À l’époque, la police judiciaire ne dispose pas des empreintes ADN et ne soupçonne pas que le meurtrier sadique du Marais puisse également être le prédateur recherché pour le meurtre de Cécile Bloch. Ce n’est qu’en 2001, quatorze ans après les faits, qu’une analyse génétique révèle que le sperme est celui du « tueur au visage grêlé » recherché depuis 1986. La même empreinte ADN est présente sur les mégots de cigarette retrouvés à proximité des corps, ce qui confirme que l’assassin du Marais est bien François Vérove16.

Agression et viol dans le 14e arrondissement (1987)
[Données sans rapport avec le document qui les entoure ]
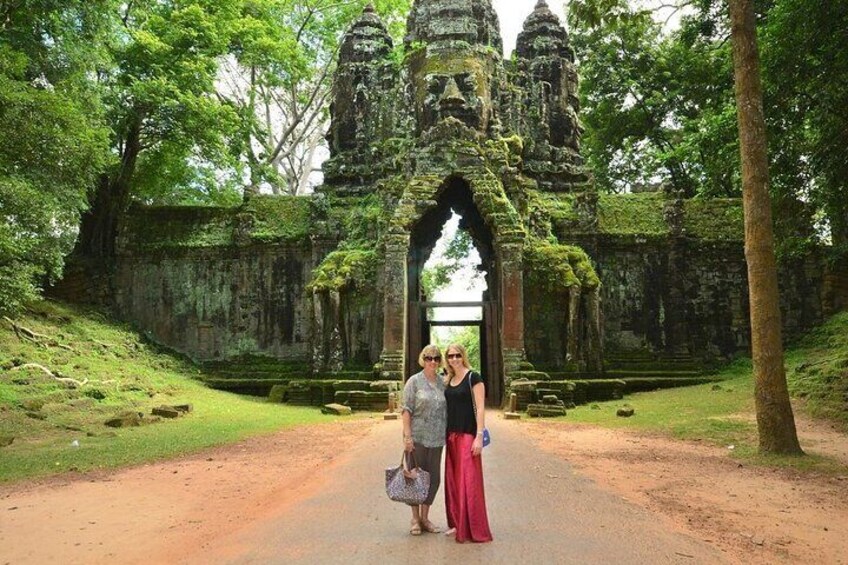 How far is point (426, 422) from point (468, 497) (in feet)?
1.91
Le 27 octobre 1987, la police judiciaire retrouve la trace de François Vérove dans le 14e arrondissement de Paris. Aux alentours de midi, une collégienne de quatorze ans qui rentre chez elle est abordée par un jeune homme se prétendant policier qui l’interpelle sous le prétexte de mener une enquête. Une fois dans son appartement, il lui passe les menottes avant de la violer, mais lui laisse la vie sauve. Il abandonne finalement sa victime après avoir cambriolé l’appartement. À l’époque les enquêteurs soupçonnent déjà le Grêlé d’être l’auteur de cette agression, mais ce n’est qu’en 1996 que sa culpabilité est démontrée par l’ADN. Il s’agit de la dernière agression connue de François Vérove avant une période de silence de sept ans.
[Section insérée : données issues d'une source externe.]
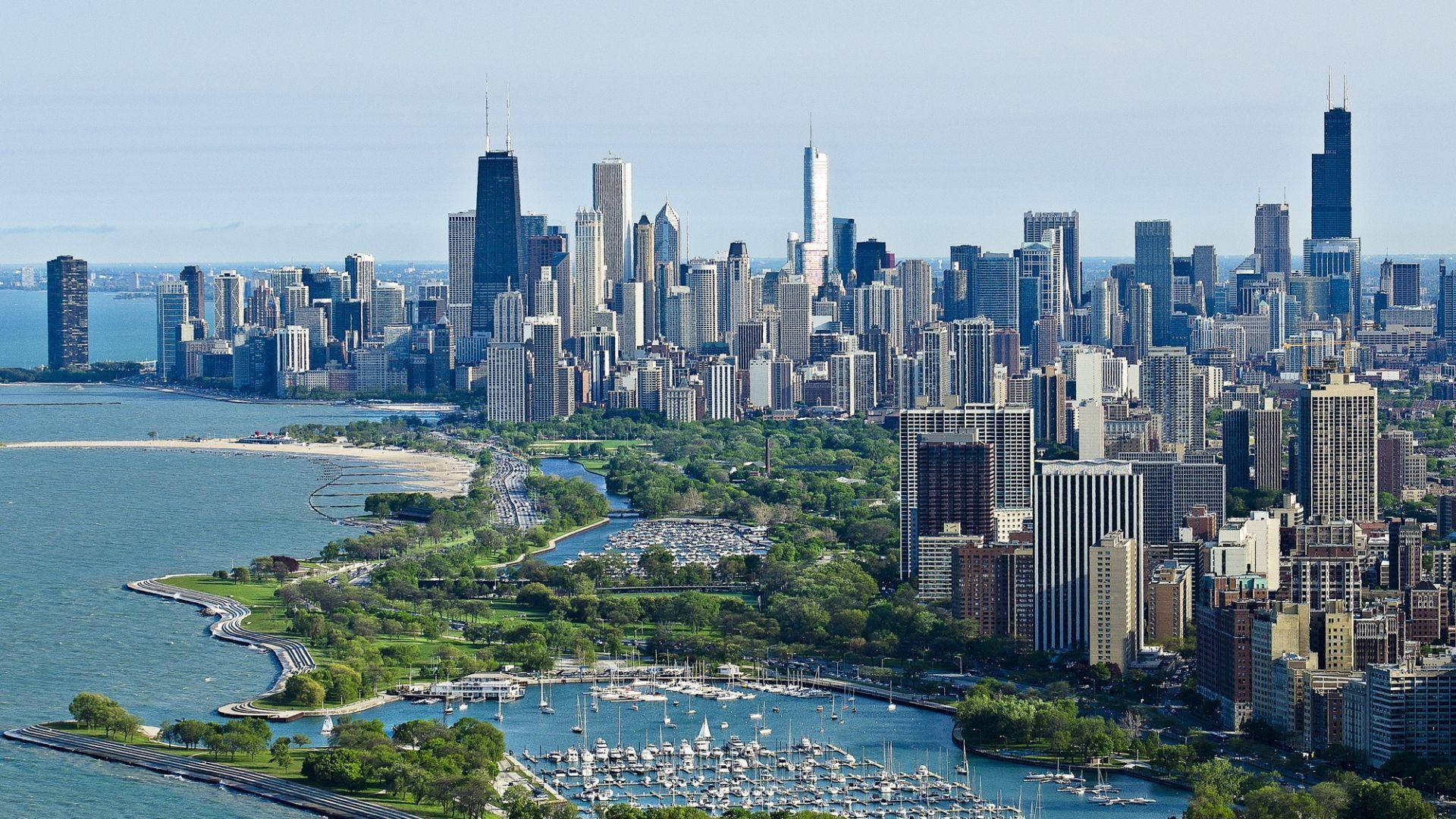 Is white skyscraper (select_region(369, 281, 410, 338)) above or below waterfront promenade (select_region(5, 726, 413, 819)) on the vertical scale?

Enlèvement et viol d’Ingrid G. initié à Mitry-Mory (1994)

Le 29 juin 1994, l’ex-garde républicain frappe à nouveau à Mitry-Mory en Seine-et-Marne. Une fillette de onze ans se déplaçant à vélo le long de la ligne à grande vitesse est abordée par un homme qui se dit policier et lui ordonne de monter dans sa voiture sous prétexte de l’emmener au commissariat. La victime obtempère et subit alors un enlèvement. Vérove roule pendant plus d’une heure, trajet durant lequel il discute avec la fillette. Parvenu à Saclay, dans l’Essonne, il emmène sa victime dans une ferme abandonnée. Il l’attache et la viole avant de s’enfuir brusquement sans l’avoir tuée. Il laisse derrière lui des traces ADN qui permettront de relier cette affaire aux autres crimes du tueur à la peau grêlée.

Autres affaires

François Vérove est suspecté d’être l’auteur d’autres agressions et crimes. Il pourrait être notamment impliqué dans les meurtres de :

  • Sophie Narme25, 23 ans, stagiaire au sein d’une agence immobilière et tuée dans un appartement qu’elle faisait visiter dans le 19e arrondissement de Paris, le 5 décembre 1991.
  • Karine Leroy29, 19 ans, disparue à Meaux (Seine-et-Marne) le 9 juin 1994 et dont le corps fut retrouvé dans une forêt de la région un mois plus tard16.

Mort et identification

L’enquête de la brigade criminelle, reprise ensuite au sein de cette brigade par l’unité d’analyse criminelle et des affaires classées, s’était orientée vers un criminel issu des forces de l’ordre en activité à l’époque des faits à cause de plusieurs éléments qui s’accumulaient pourtant depuis des décennies : utilisation à plusieurs reprises d’une carte professionnelle de policier ou de gendarme sur laquelle figurait la mention « sous officier » (utilisation lors de laquelle il avait même donné son véritable prénom lors d’une fête dans les années 1980), d’un talkie-walkie, de menottes professionnelles, maîtrise du jargon policier (corroboré par plusieurs témoins), soupçon de connaissance précise des procédures et manières d’opérer des enquêteurs par sa capacité à échapper à une enquête très serrée16.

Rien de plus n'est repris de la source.